What is it and how is it detected?
This week Brett Newcomb and I are continuing our discussion of five sneaky things that your doctor probably won’t ask you about, but that you should watch out for. We are focusing on autoimmune disorders , fibromyalgia in particular. We are discussing the nature of fibromyalgia and the fact that it hurts people all over their muscles. It moves around, it is not located in the elbow, or the knee, or the joints. It hurts when you sit and when you sleep and when you work. It is hard to pinpoint and many doctors do not ask about it because they are focused on the symptoms that brought you in the office and they only have a six minute window to find out what you need and try to make a helpful intervention.
People who suffer from fibromyalgia usually begin to suffer from it around 38 years of age. Often they are mistakenly thought to have chronic fatigue. Fibromyalgia is an autoimmune disorder, the body attacks itself and the muscles become inflamed and swollen. They hurt. Chronic fatigue is a virus like the mono virus, Epstein- Barr. The initial symptom of both of them is extreme tiredness. Doctors often treat for the viral infection and the patient does not get better because that is not really the problem.

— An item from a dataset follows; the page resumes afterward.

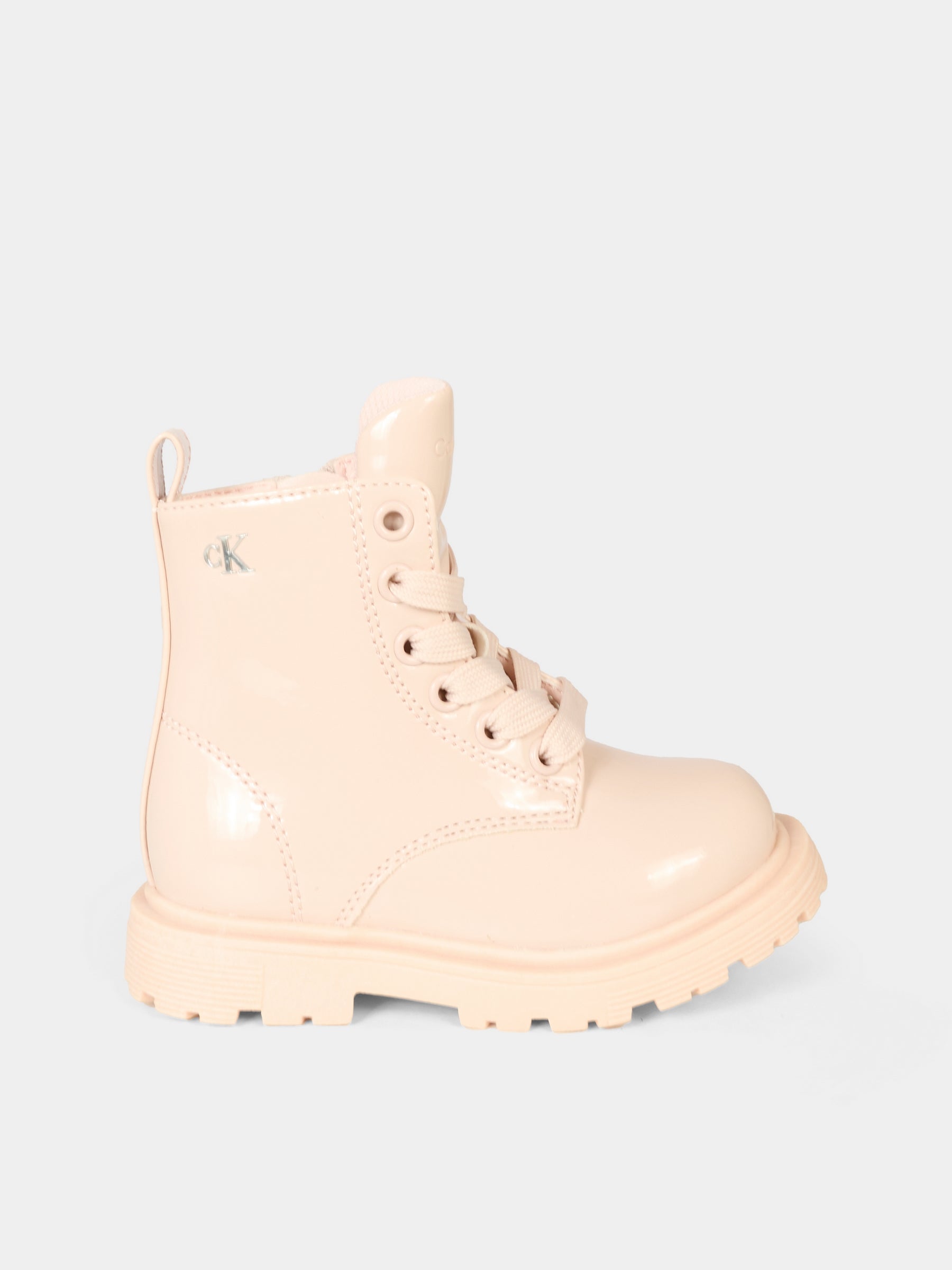 Anfibi rosa per bambina con logo,Calvin Klein Kids,V1A5 83117 0343302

The pain from fibromyalgia moves around. It may be in your arm one day and in your thigh another, it could be in your chest or some other part of the body. It is not localized to just a joint. Chronic pain is a viral infection and there are drugs which help with fighting the viral infection. Fibromyalgia is different. Basically you are attacking your own muscles. They become inflamed and you are never without pain. Anti-inflammatories sometimes work a little but usually not a lot. Sometimes you can be given drugs to suppress your immune system and those will help reduce the pain, but if you suppress your immune system you become vulnerable to other illnesses.
We are spending time talking about these issues because the nature of office visits with your physician is changing. Due to insurance companies and Obamacare, it is becoming necessary for doctors to spend less and less time with individual patients. The average primary care visit is now just six minutes! Your doctor is interested and fully qualified, but may not have time to cover all the possibilities. The more you can help by being informed and prepared the better your care will be. If you know about things like the difference between chronic pain and fibromyalgia the more you can help your physician help you.